| TRY IT |
Collect from the data below each line with "Vintage".

| RECORDS TO USE |
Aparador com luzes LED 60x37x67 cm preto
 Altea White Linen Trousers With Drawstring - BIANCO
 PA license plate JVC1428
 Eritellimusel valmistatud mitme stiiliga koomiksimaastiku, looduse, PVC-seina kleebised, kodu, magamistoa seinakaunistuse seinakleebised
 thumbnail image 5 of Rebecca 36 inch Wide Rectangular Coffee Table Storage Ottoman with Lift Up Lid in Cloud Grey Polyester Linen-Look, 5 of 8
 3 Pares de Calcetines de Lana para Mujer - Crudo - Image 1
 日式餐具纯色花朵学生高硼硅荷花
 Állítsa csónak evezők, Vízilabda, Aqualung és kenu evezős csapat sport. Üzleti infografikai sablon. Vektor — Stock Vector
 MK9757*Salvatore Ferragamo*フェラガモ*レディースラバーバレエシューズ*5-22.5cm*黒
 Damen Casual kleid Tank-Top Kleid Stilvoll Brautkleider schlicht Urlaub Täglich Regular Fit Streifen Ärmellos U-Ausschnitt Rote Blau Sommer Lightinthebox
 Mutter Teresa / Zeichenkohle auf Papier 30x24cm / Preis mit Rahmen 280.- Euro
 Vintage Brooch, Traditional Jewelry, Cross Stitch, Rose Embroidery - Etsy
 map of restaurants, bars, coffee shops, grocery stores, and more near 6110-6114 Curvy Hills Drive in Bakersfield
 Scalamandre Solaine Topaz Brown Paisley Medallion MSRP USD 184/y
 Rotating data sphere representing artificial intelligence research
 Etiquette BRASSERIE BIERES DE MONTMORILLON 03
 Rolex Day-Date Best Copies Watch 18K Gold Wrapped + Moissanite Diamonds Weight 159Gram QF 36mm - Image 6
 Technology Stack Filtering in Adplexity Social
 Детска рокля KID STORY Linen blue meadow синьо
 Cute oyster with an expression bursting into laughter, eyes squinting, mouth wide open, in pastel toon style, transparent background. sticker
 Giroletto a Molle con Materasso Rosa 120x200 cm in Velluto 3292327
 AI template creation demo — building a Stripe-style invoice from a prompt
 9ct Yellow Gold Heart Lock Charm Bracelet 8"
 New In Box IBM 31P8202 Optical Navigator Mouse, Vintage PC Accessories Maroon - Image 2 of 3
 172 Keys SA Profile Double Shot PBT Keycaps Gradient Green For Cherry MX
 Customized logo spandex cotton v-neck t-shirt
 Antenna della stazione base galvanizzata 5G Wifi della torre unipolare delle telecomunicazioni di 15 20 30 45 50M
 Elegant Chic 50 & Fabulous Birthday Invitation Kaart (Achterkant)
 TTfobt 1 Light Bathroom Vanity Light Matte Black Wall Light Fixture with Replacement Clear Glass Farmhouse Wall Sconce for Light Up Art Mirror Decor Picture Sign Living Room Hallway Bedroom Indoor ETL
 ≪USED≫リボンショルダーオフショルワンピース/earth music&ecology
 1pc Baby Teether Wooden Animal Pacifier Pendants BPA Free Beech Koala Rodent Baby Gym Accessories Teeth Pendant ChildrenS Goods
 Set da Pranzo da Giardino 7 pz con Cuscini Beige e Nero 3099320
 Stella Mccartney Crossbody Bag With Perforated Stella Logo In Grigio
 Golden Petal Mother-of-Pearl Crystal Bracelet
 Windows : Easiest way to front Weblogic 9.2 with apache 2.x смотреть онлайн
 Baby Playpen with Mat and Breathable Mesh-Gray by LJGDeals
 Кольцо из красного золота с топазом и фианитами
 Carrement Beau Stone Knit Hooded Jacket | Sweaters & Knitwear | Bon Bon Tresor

| EXERCISE SOLUTION |
 Vintage Brooch, Traditional Jewelry, Cross Stitch, Rose Embroidery - Etsy
 New In Box IBM 31P8202 Optical Navigator Mouse, Vintage PC Accessories Maroon - Image 2 of 3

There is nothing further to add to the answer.